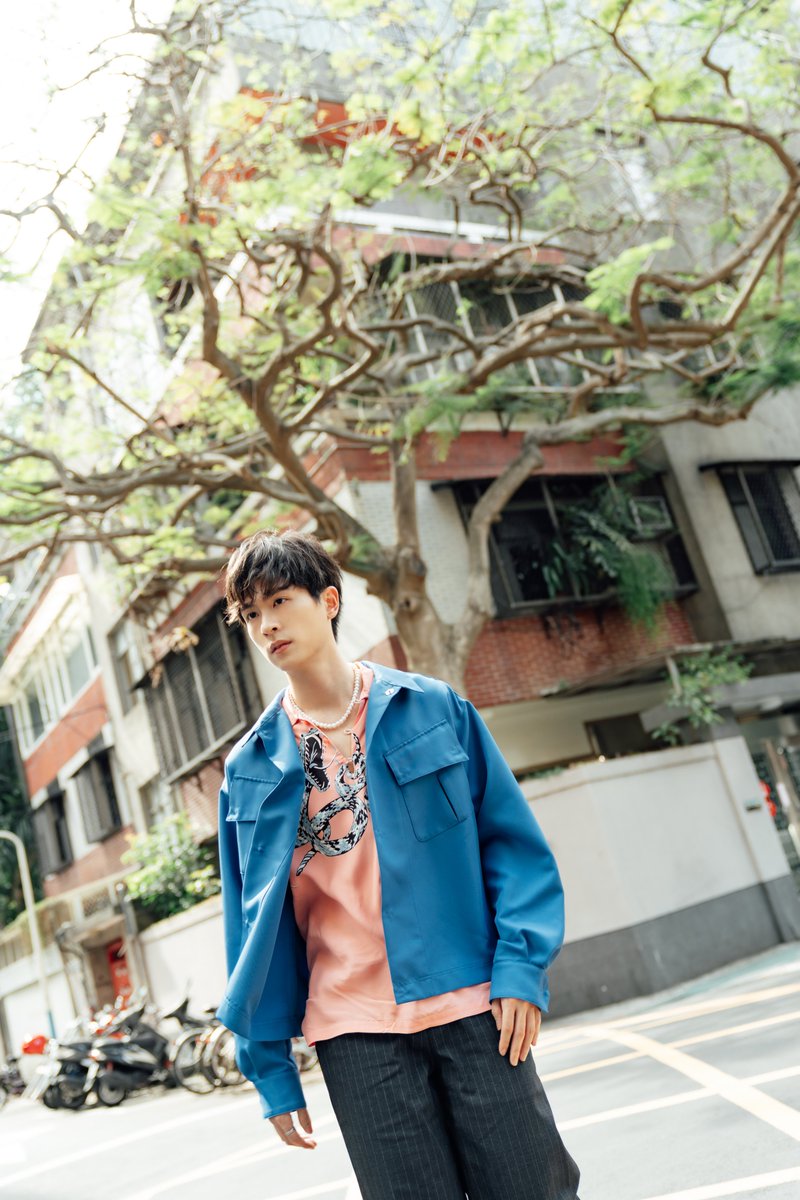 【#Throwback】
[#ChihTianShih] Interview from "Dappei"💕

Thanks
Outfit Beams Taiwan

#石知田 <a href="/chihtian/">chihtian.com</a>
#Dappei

----

TASK OBJECTIVE
Where an entry includes an image, leave that image out; otherwise, reproduce everything exactly.

EXERCISE ANSWER
 【#Throwback】
[#ChihTianShih] Interview from "Dappei"💕

Thanks
Outfit Beams Taiwan

#石知田 <a href="/chihtian/">chihtian.com</a>
#Dappei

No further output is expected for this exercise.